Home Skin Care Urea: This is how urea works!

Urea: This is how urea works!

by Josephine Andrews
Published: Last Updated on 389 views

Urea is another term for urea. This occurs as a metabolic product in the human body, but can also be produced artificially. Since urea improves the skin’s moisture content and removes dead skin cells, it is used in cosmetics and medical products. Find out here what urea is, how it works and where it is.

What is urea?

Urea is a white, water-soluble, crystalline substance and an end product of human protein metabolism. The body excretes most of it in the urine, about 20 to 30 grams a day.

In addition, urea is found in the horny layer of the skin (stratum corneum), which is the uppermost skin layer. There it arises due to cornification processes and sweating.

Urea is a natural moisturizing factor (NMF = Natural Moisturizing Factor) in healthy skin – just like lactic acid and amino acids.

That is why it is used, among other things, for dry, scaly, itchy skin that occurs, for example, with diseases such as

  • Ichthyosis (a form of severe dry skin)
  • atopic dermatitis (eczema
  • psoriasis

But urea can also be used if the skin is not pathologically dry and/or just needs to be cared for in a more supple manner.

In cosmetics and skin medicine (dermatology), artificially produced (synthetic) urea is usually used. The synthesis succeeded in 1828 for the first time by the chemist Friedrich Wöhler.
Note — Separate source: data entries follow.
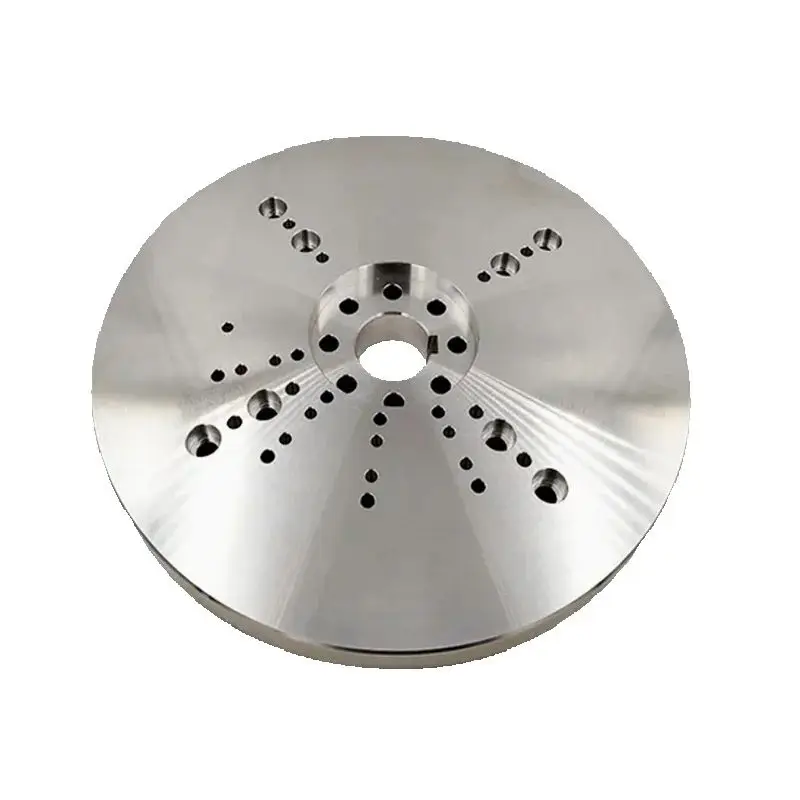 Custom Made CNC Machining Stainless Steel Arc-Shaped Flange Base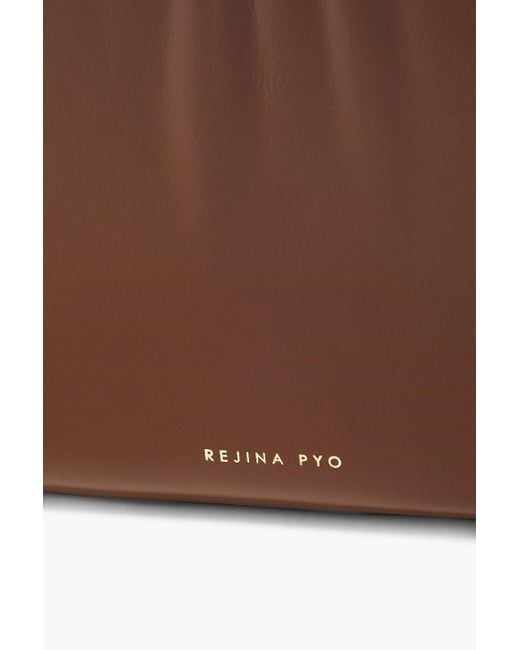 Rejina Pyo Brown Patent-leather Shoulder Bag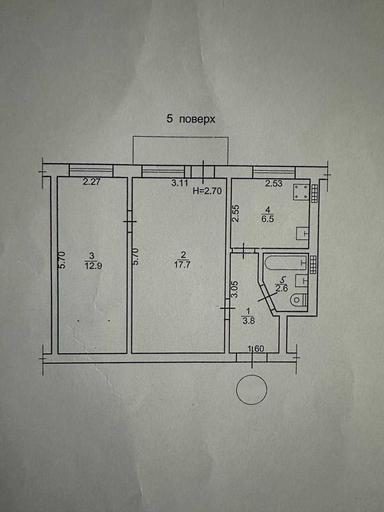 2-комнатная квартира по адресу Куликово поле пл. (площадь 44,3 м²) - Atlanta.ua - фото 22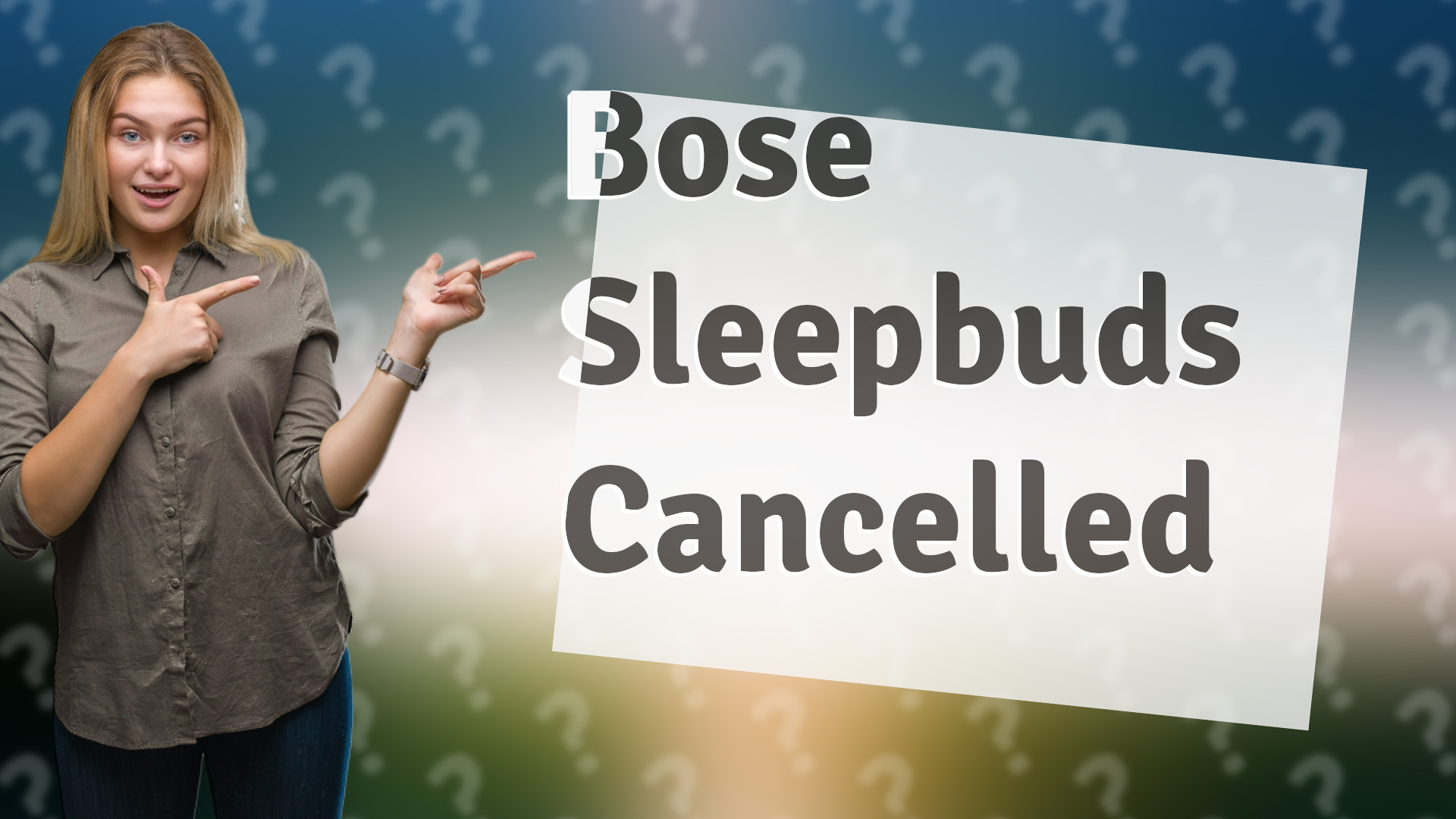 Bose Sleepbuds Cancelled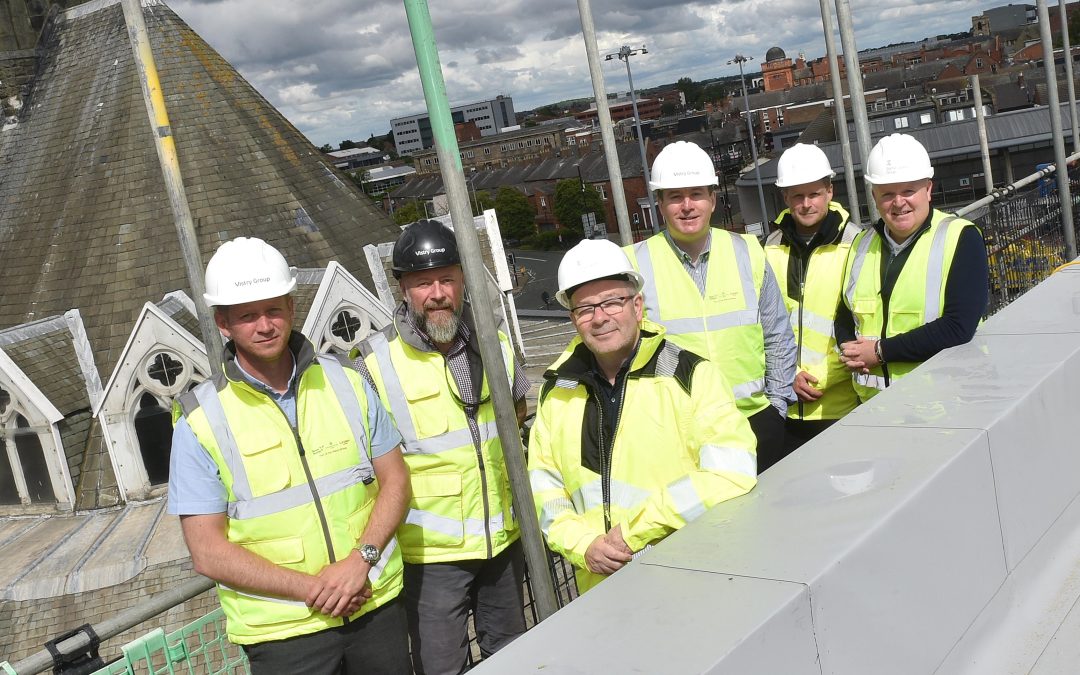 Old Civic Centre site sees first homes near completion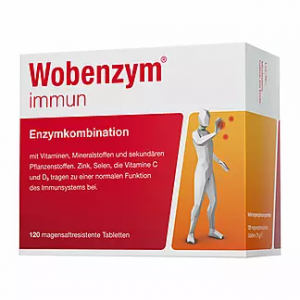 Иммунный комплекс Вобензим Wobenzym immun Tabletten, 120кап.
Urea not only has a moisturizing effect, but also has a keratolytic effect. This means that it helps to remove dead skin cells from the horny layer and has a smoothing effect on dry skin.

In addition, urea is approved as a food additive E 927b. In this context, it serves as a stabilizer.

This is how urea works

Since urea helps the skin to bind water and thereby increases its moisture content, it is found in various products for the care of dry skin, but also in medicines for the treatment of dry or itchy skin. Urea also calms the itching from a certain concentration.

In addition, urea helps with certain fungal infections, for example nail fungus/onychomycoses. Since it has a horn-dissolving effect, it can also be used against corns.

In order for certain active ingredients to penetrate the skin better, urea is sometimes used as a so-called penetration agent in corresponding (medicinal) products – for example corticosteroids for inflammation and allergies.

How urea works depends on the concentration in the product. The following dosage forms and the associated effects are currently available:

  • up to 10 percent urea: moisturizer (for skin care)
  • from 10 percent urea: moisturizing effect – for example for very dry skin, eczema and psoriasis.
  • from 20 percent urea: softening, skin-smoothing effect – for example in chronic irritant hand dermatitis, hand eczema.
  • from 30 percent urea: peeling effect – for example in severely calloused skin diseases.
  • from 40 percent urea: peeling and antimycotic (against fungal infestation) effect – for example in case of excessive cornification of the skin or nail fungus.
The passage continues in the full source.